# RAW DATA
___

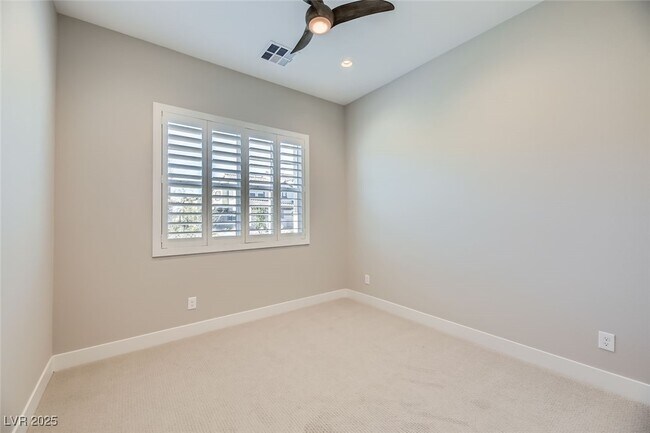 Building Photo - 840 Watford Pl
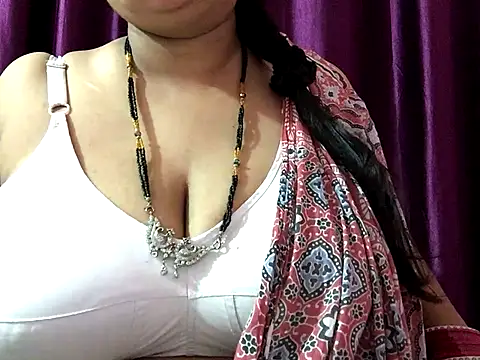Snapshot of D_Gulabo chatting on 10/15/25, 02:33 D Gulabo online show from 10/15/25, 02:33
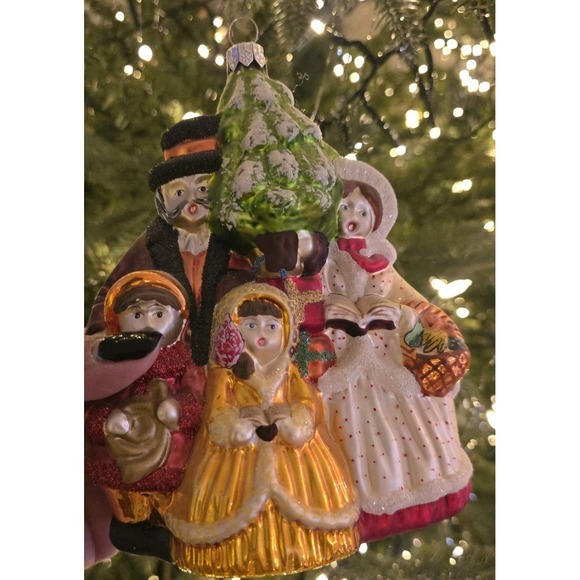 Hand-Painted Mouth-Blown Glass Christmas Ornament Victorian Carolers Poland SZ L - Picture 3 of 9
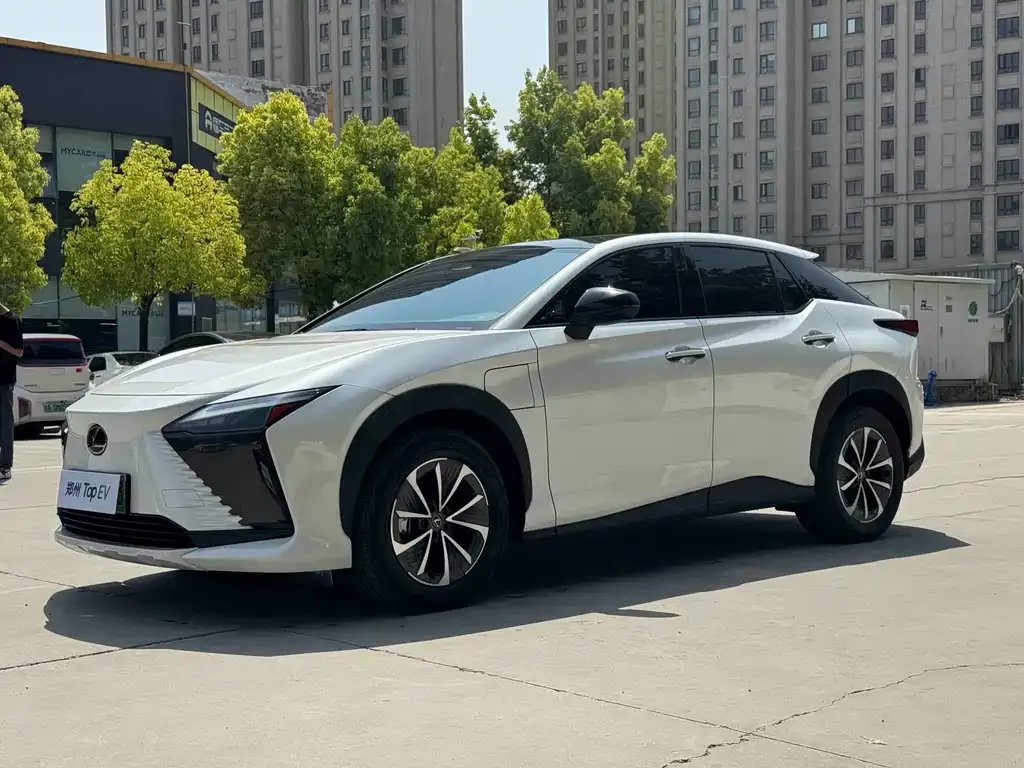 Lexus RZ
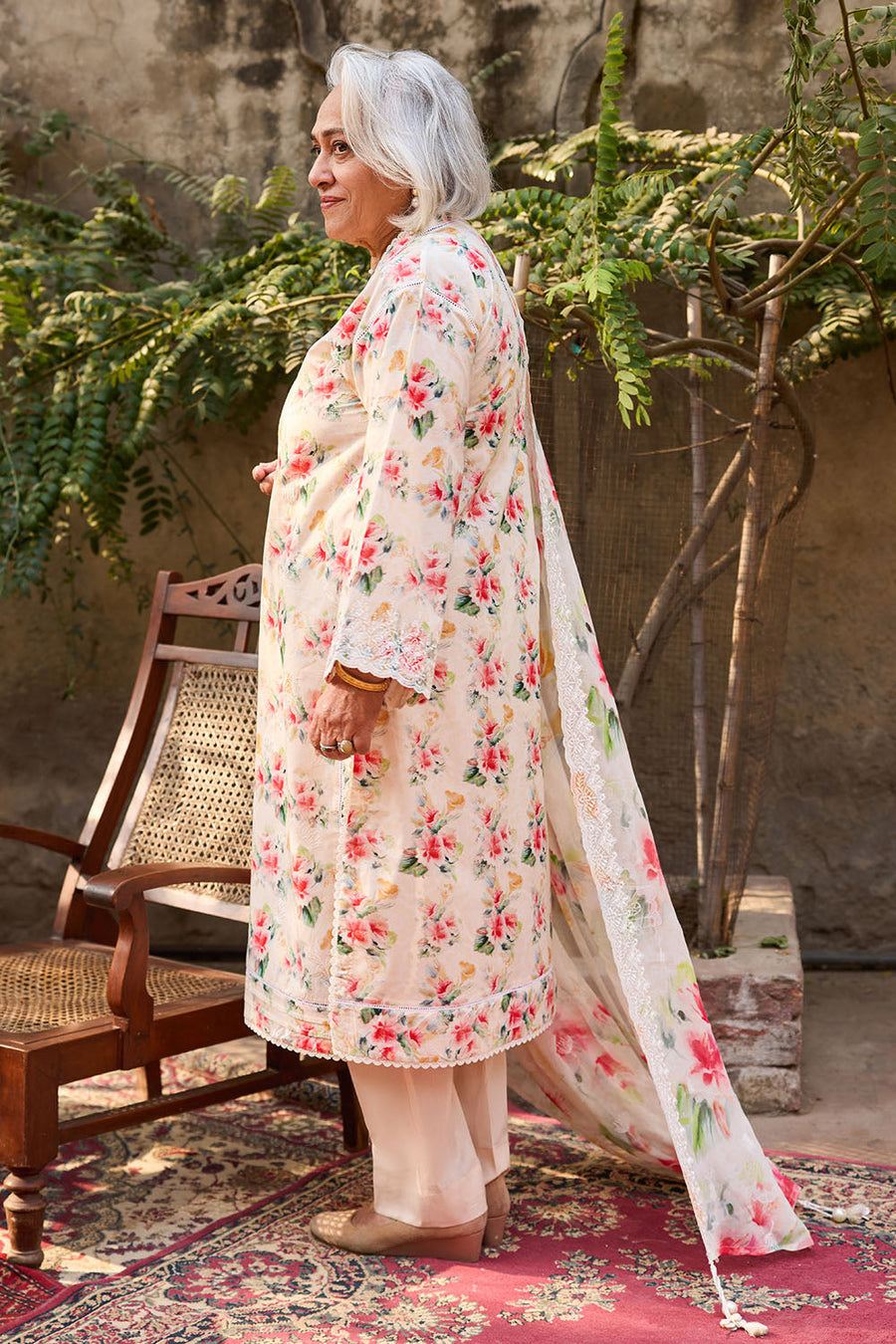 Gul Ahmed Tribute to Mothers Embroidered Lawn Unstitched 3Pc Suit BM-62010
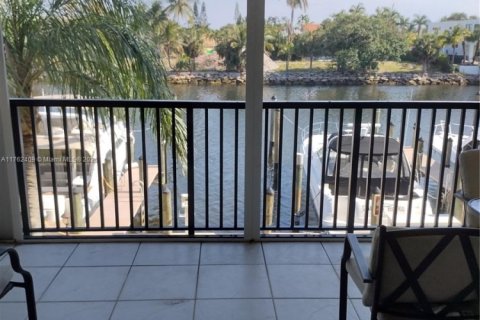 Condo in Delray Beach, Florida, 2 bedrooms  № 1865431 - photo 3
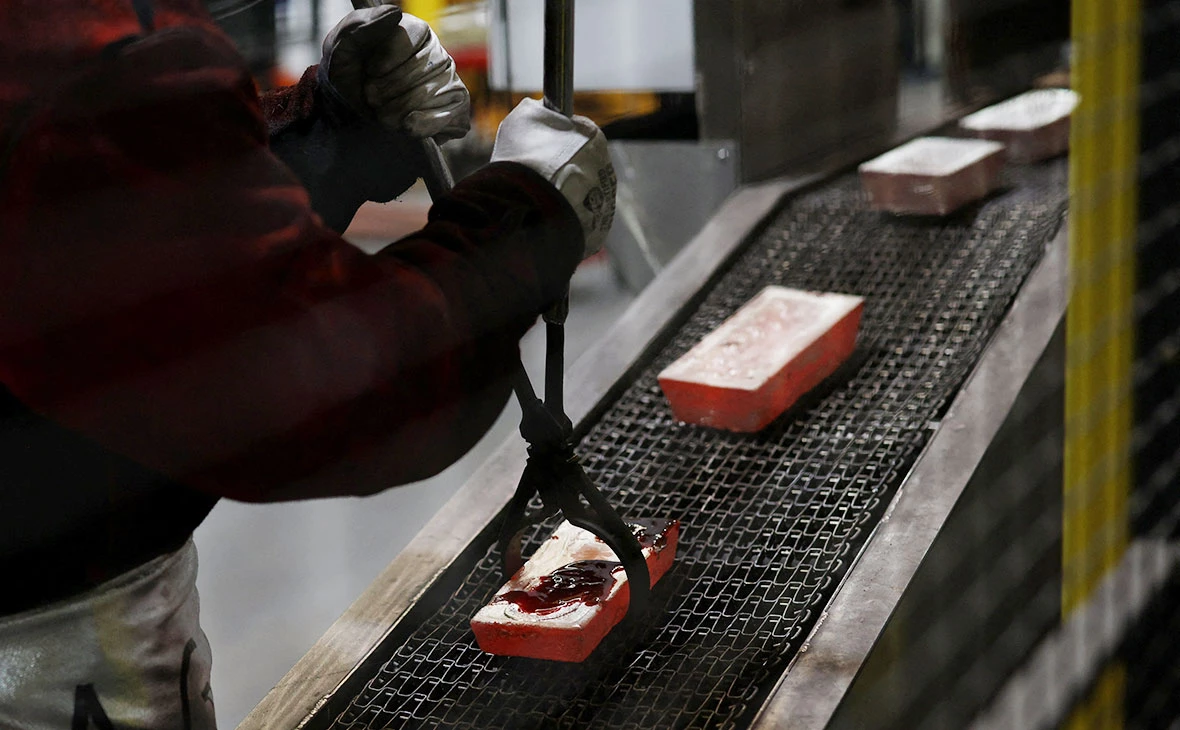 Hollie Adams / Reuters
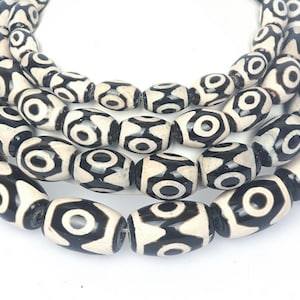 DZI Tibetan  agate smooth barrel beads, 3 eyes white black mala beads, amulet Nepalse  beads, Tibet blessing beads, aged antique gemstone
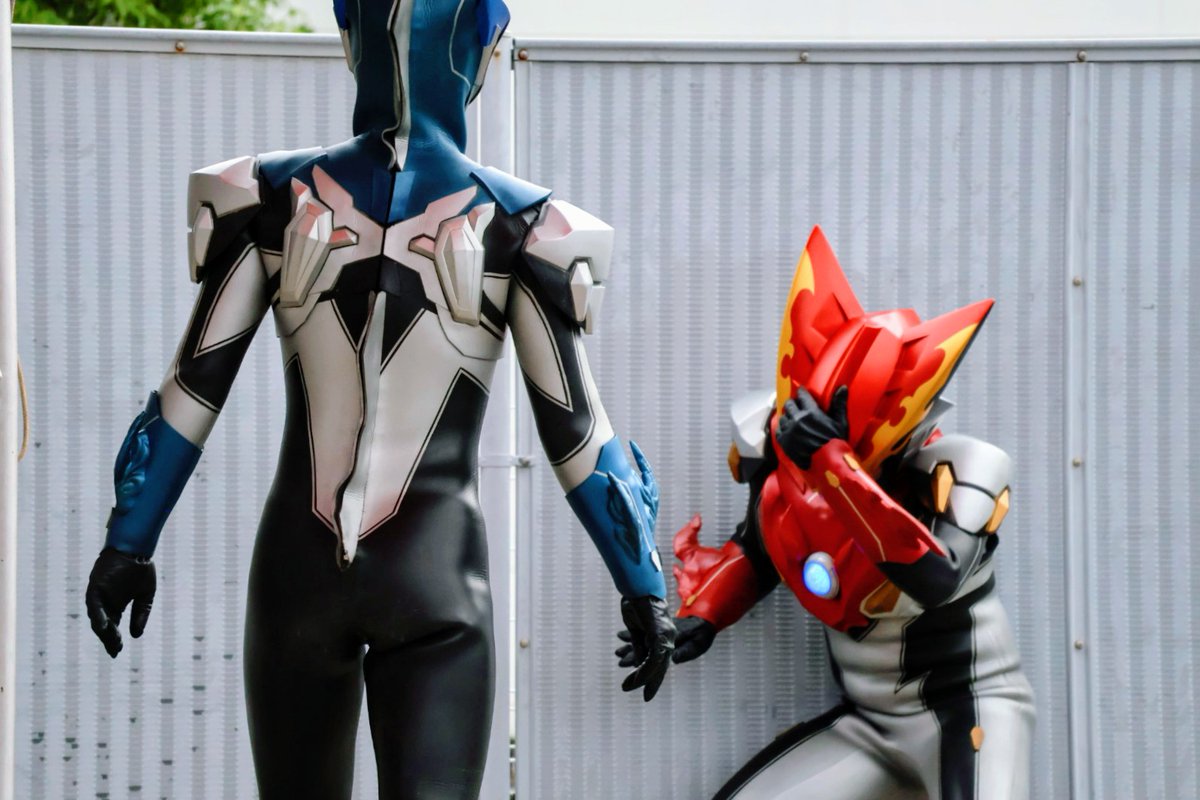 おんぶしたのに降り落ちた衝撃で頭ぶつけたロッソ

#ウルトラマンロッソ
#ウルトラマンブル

___

# WORK INSTRUCTION
Could you write out the records exactly while omitting every picture?

# TASK RESPONSE
 Building Photo - 840 Watford Pl
Snapshot of D_Gulabo chatting on 10/15/25, 02:33 D Gulabo online show from 10/15/25, 02:33
 Hand-Painted Mouth-Blown Glass Christmas Ornament Victorian Carolers Poland SZ L - Picture 3 of 9
 Lexus RZ
 Gul Ahmed Tribute to Mothers Embroidered Lawn Unstitched 3Pc Suit BM-62010
 Condo in Delray Beach, Florida, 2 bedrooms  № 1865431 - photo 3
 Hollie Adams / Reuters
 DZI Tibetan  agate smooth barrel beads, 3 eyes white black mala beads, amulet Nepalse  beads, Tibet blessing beads, aged antique gemstone
 おんぶしたのに降り落ちた衝撃で頭ぶつけたロッソ

#ウルトラマンロッソ
#ウルトラマンブル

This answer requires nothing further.